UPDATE: The jam was delicious the first few days after I opened the jar, but a week later I noticed what looked like mold around the rim. Just to be on the safe side, I'm going to toss the rest of the jam. Next time, I think I need to sterilize the lids (I only boiled the jars) and let them cool upside down. Obviously, more research and testing needs to be done!

Sunday, August 20, 2006

links, moi aussi!

Karen, You are not the only one procrastinating. In the wee hours of the night (morning, actually), often I can be found reading blogs. Every new one sends me on a hunt to find more posts and admire their photos. Since we launched our site I have added only one link. This was after asking Karen 20 times how to do it. Shamefully, it required three tries to be successful. The humiliation has worn off, so I will have another go at it.

My lists of favorites include--

Je suis en accord avec Karen
Chocolate and Zucchini
She is the Queen
David Lebovitz
I love his witty posts and sumptuous recipes

A few to add
La Tartine Gourmande
Bea is Frenchwoman living in Boston who loves the word tartine as much as I do. Her prolific blog is beautifully photographed
Blogging from Singapore, Chubbyhubby can inspire with a single picture
A fellow catlover living in Suffolk, UK
3 guys from California (2 from the Bay Area, 1 from the OC) now living and eating very well in New York City
travelers lunchbox
A young couple who are true world travelers living in Edinburgh, Scotland

And to feed my ame francaise
Clea Cuisine
Wonderfully charming
c'est moi qui l'ai fait
Pascale (aka Scally) exemplifies joie de vivre
Passion fusion
Perspective from a student of architecture living in Paris

I had no idea how many blogs there actually were. As Karen stated, we are novices to this world. There are so many to choose from and each one offers a delightful voice and opinion. I am very lucky to share this with space with my friend Karen. She has a truly adventurous spirit and palette. Remember that green (or was it purple) pastry from Krystal's Cafe in Woodside? Only you could convince me to try that.

Friday, August 18, 2006


What I am supposed to be doing these days: finishing my thesis application; preparing for my new teaching job.
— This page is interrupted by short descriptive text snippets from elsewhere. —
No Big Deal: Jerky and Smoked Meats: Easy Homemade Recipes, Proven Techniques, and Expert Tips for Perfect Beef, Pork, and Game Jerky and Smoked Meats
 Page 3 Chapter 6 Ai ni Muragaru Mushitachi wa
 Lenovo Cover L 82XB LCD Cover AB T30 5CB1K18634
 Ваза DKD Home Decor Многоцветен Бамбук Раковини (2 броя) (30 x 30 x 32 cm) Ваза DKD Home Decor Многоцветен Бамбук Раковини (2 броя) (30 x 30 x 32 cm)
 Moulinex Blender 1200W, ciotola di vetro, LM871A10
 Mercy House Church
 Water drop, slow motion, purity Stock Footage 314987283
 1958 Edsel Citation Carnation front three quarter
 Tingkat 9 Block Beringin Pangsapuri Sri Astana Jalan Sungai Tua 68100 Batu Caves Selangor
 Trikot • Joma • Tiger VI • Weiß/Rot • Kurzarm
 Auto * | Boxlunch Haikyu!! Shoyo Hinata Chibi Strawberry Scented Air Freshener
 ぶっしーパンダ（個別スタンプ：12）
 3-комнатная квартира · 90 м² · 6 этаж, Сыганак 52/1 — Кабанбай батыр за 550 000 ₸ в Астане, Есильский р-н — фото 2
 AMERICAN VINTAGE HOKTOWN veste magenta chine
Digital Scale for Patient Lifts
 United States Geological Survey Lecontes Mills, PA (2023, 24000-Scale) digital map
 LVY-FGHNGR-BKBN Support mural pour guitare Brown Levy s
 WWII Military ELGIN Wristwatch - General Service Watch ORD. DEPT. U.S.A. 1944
What I am actually doing these days: going on the internet, discovering and then reading food blogs...what may be described negatively, though not unfairly, as procrastination.

This whole blogging phenomena is actually pretty new to me. It's only been in the past six months that I really started reading and following various blogs, specifically, food blogs. Even then, there were only two or three I regularly checked out. It was reading and then sharing them with my blog sister, Dora, that inspired us to start one of our very own. (Truth be told, it was Dora who said, "We could do this. We should do this!")

Recently, we upped our tech savviness and figured out how to add links to some of our favorite food sites on the left hand side of our blog. And just now, I added a few more to the list that have struck me as particularly interesting and fun to read. Have you checked them out? No? Do you need a little push? A little more reason than the fact that they are on our blog to begin with? I thought that might be the case, so here is a little run down of our fave food blogs and a taste of why we think they are so great.

These three are the trifecta of my little world. They are the first ones I actively took an interest in and the ones I check every day to see what's new.

**Adventures of Pie Queen is by a food writer who used to live in SF, but now lives in my old neighborhood in Brooklyn. I am a sucker for the Bay Area/Cobble Hill references. And c'mon, she loves to bake! How can I resist that!
David Lebovitz has been one of my pastry idols since way back when I was a pastry chef in SF. His book, Room for Dessert, is one of my all time favorites and I constantly consult it for inspiration and recipes. He used to work at Chez Panisse but now lives in Paris and conducts chocolate tours. What I wouldn't give to go on one of these...sigh. Aside from food, he also writes amusingly about being an American in Paris. This and the next blog are for you Francophiles out there.
Chocolate & Zucchini is by a young Frenchwoman, Clotilde, in Paris. She also lived in the the Bay Area at one point (do you sense a bias?). Her writing is charming and I am partial to the photos she posts of her creations and discoveries. She has a book coming out soon that I can't wait to get my hands on.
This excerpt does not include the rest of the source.